It shows that the stability issues are probably not AMD64 related (or at least not all of them). I could reproduce them on the same system running in 32bit mode with a 32bit version of BEAST. So it *should* be reproducible on pretty much any Debian/unstable system. The steps to do this are easy: 1. open BEAST 2. create a tear-off menu for Demo 3. hit 30 times (or so) on party monster quickly ... now BEAST floods your screen with 30 party monster songs ... 4. close all windows away again quickly This usually results in a crash.
Stefan, any clue on whther the alloc hooks mentioned in comment 3 make a difference? and, can you please outline which version of gtk+ and glib this is? other than just "debian unstable" which is in flux and not readily available for everyone.
The last test (comment #13) was performed with: stefan@lotrien:~$ beast --version BEAST version 0.7.0 (ALPHA) Libraries: GLib 2.10.2, SFI 0.7.0, BSE 0.7.0, Ogg/Vorbis, MAD 0.15.1 (beta), GTK+ 2.8.17, GXK 0.7.0 Compiled for x86_64-unknown-linux-gnu with SSE plugins. Intrinsic code selected according to runtime CPU detection: CPU Architecture: i686 CPU Vendor: AuthenticAMD CPU Features: FPU TSC CPU Integer SIMD: MMX MMXEXT CPU Float SIMD: SSE SSE2 SSESYS CPU Media SIMD: 3DNOW 3DNOWEXT The crashes could no longer be reproduced using the above scheme (comment #13) when using: stefan@lotrien:~$ G_SLICE=always-malloc G_DEBUG=gc-friendly beast -:L As opposed to: stefan@lotrien:~$ beast -:L where the crashes *can* be reproduced. Both tests show: (beast-0.7.0:2960): GLib-GObject-CRITICAL **: g_object_unref: assertion `G_IS_OBJECT (object)' failed warnings, which however has a known fix discussed earlier (comment #9). What makes me worry a bit is that I am pretty sure that I have seen crashes even with G_SLICE=always-malloc before, however I didn't write down the where, when and why right then, and today I have not been able to reproduce it, although I tried quite some things.
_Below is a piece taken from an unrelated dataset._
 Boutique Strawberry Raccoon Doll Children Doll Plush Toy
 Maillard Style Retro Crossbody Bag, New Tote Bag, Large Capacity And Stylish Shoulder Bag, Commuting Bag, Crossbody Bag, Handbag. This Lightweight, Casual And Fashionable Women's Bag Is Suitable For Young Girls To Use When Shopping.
Created attachment 65883 [details] [review] Workaround for the gnomecanvas issue Here is an upgraded patch, which should do what you suggested in comment #12. So it should work with older and newer libgnomecanvas versions. Let me know if its ok to commit.
in general looks good, except that you mixed two consequtive comments at the end: - /* asyncronously rebuild contents */ - g_object_ref (GNOME_CANVAS_ITEM (csource)->canvas); /* GnomeCanvasItem doesn't properly clear its pointers */ + /* asynchronously rebuild contents */ + /* some GnomeCanvasItem versions don't properly clear their pointers */ + GnomeCanvasItem *csource_item = GNOME_CANVAS_ITEM (csource); + g_object_set_data_full (csource_item, "bst-workaround-canvas-ref", g_object_ref (csource_item->canvas), g_object_unref); this should be: + /* asynchronously rebuild contents */ + GnomeCanvasItem *csource_item = GNOME_CANVAS_ITEM (csource); + /* some GnomeCanvasItem versions don't properly clear their pointers */ + g_object_set_data_full (csource_item, "bst-workaround-canvas-ref", g_object_ref (csource_item->canvas), g_object_unref); allthough, with the changes you made, it's probably best to change all the old "some GnomeCanvasItem versions don't properly clear their pointers" comments into "work around stale canvas pointers, see #340437". provided that's fixed anbd tested, please commit.
ok, the canvas patch is now comitted. and FYI, here's a bug that may or may not be related to the crashes you're seeing: http://bugzilla.gnome.org/show_bug.cgi?id=341327
(In reply to comment #18) > and FYI, here's a bug that may or may not be related to the crashes you're > seeing: http://bugzilla.gnome.org/show_bug.cgi?id=341327 I retested with a recent gtk, which has the fix for the #341327 bug: $ beast --version BEAST version 0.7.0 (ALPHA) Libraries: GLib 2.12.1, SFI 0.7.0, BSE 0.7.0, Ogg/Vorbis, MAD 0.15.1 (beta), GTK+ 2.10.1, GXK 0.7.0 [...] and the crash (described in comment #13) can still be reproduced.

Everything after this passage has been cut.